• **ASSIGNMENT**
Strip out all images, then restate the data verbatim.

• **Items from a dataset**
= Beginning of Section =
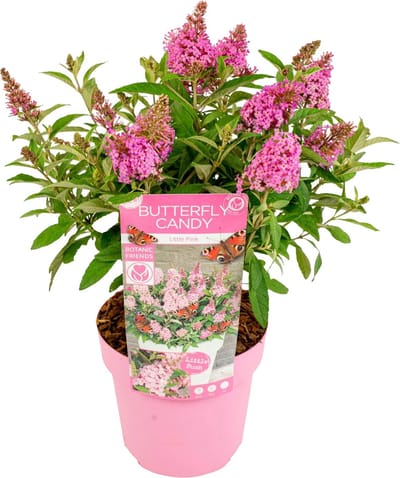 Bloomique - Buddleja Butterfly Little Pink - Vlinderstruik - Tuinplanten - Winterhard - Hoogte 30-40 cm - Pot 19 cm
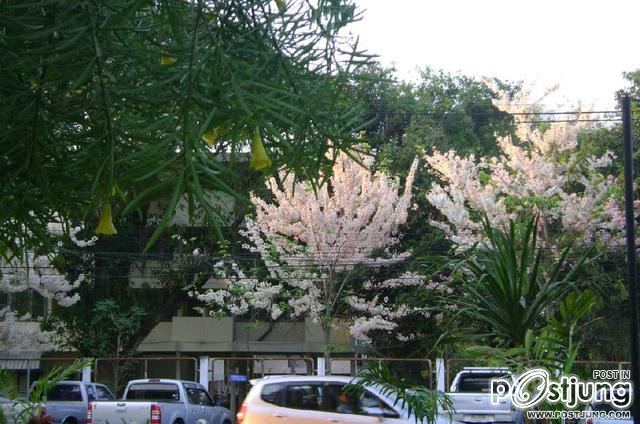 ดอกไม้บานที่ ม.ขอนแก่น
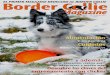 Dieta Barf/Acba Cuidados - Border Collie Magazine · Una revista exclusiva para los amantes del border collie. Equipo: Isabel Ferrer, Verónica Moya Stefanelli, Natalia Cuadrado,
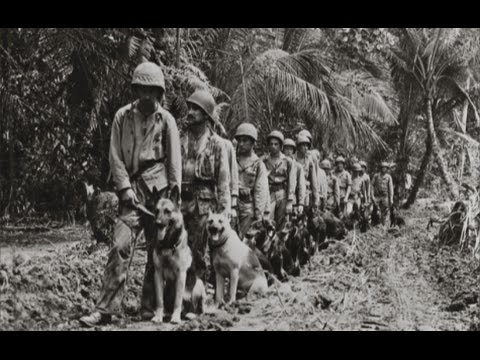 The Pacific Best Documentary 2016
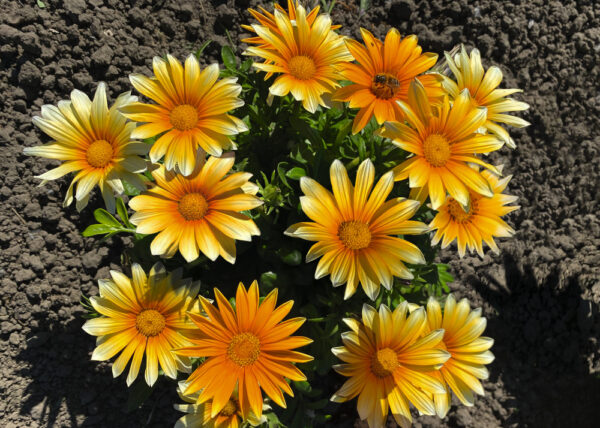 Gazania Sunny-Side Up - Image 4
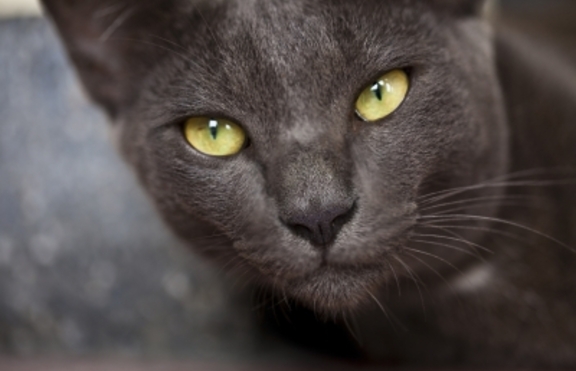 Синята руска котка – аристократичната порода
= End of Section =
• **WRITTEN REPLY**
 Bloomique - Buddleja Butterfly Little Pink - Vlinderstruik - Tuinplanten - Winterhard - Hoogte 30-40 cm - Pot 19 cm
 ดอกไม้บานที่ ม.ขอนแก่น
 Dieta Barf/Acba Cuidados - Border Collie Magazine · Una revista exclusiva para los amantes del border collie. Equipo: Isabel Ferrer, Verónica Moya Stefanelli, Natalia Cuadrado,
 The Pacific Best Documentary 2016
 Gazania Sunny-Side Up - Image 4
 Синята руска котка – аристократичната порода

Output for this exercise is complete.